The birth that transformed the world came quietly upon us in the barren chill of a stable, and its meaning was not fully realized until the violent death-event on a cross 33 years later. Life and death are inextricably interwoven. In [the December 1979] issue, we commemorate[d] the 10th anniversary of Clarence Jordan's death by celebrating his life and the enduring evidence of his vision.
It is a Sojourners tradition to remember the lives of Christians who have taught us the meaning of the incarnation. Clarence was such a Christian.
Born in the deep South near the beginning of this century, Clarence gained a reputation first as a preacher. In 1942, he began an experiment in racial reconciliation on a farm near Americus, Georgia, which became the target of local white hostility. Called Koinonia, the community thrives today, steeped in the legacy of Clarence's commitment to the partnership of black and white, poor and rich.
Clarence's most widely known contribution is his unique "Cotton Patch" versions of the New Testament scriptures. In his translation, he brought the biblical characters home and set them in the towns, on the roads, and between the cotton and peanut rows of southern Georgia.

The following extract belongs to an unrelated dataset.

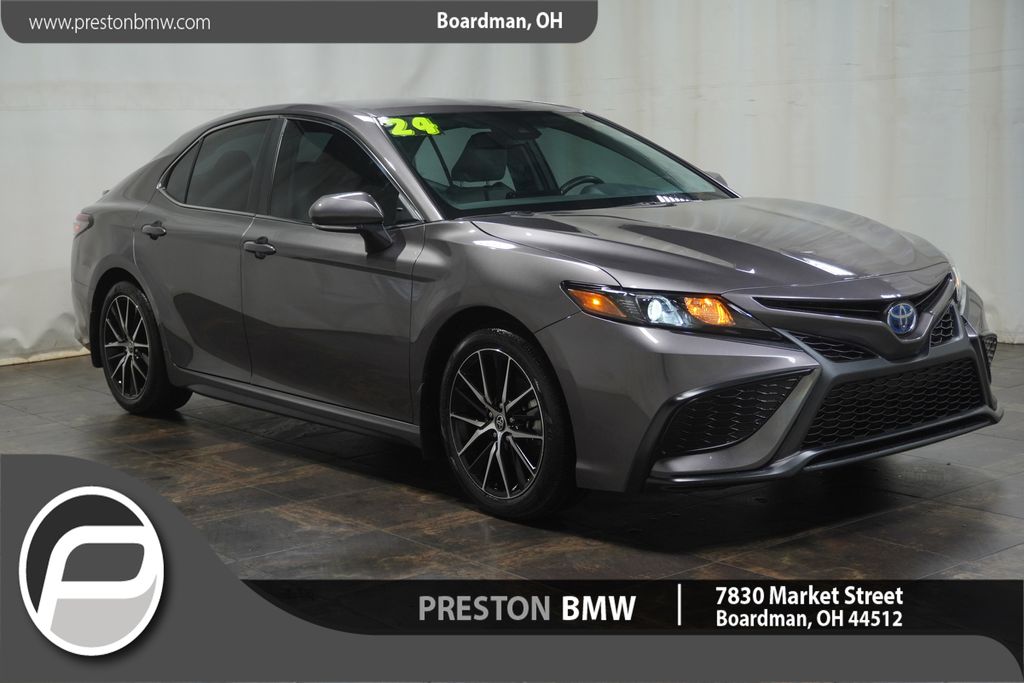 2024 Toyota Camry Hybrid SE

In the introduction to his Cotton Patch Version of Luke and Acts, Clarence states:
Jesus has been so zealously worshiped, his deity so vehemently affirmed, his halo so brightly illumined, and his cross so beautifully polished that in the minds of many he no longer exists as a man. He has become an exquisite celestial being who momentarily and mistakenly lapsed into a painful involvement in the human scene, and then quite properly returned to his heavenly habitat. By thus glorifying him we more effectively rid ourselves of him than did those who tried to do so by crudely crucifying him.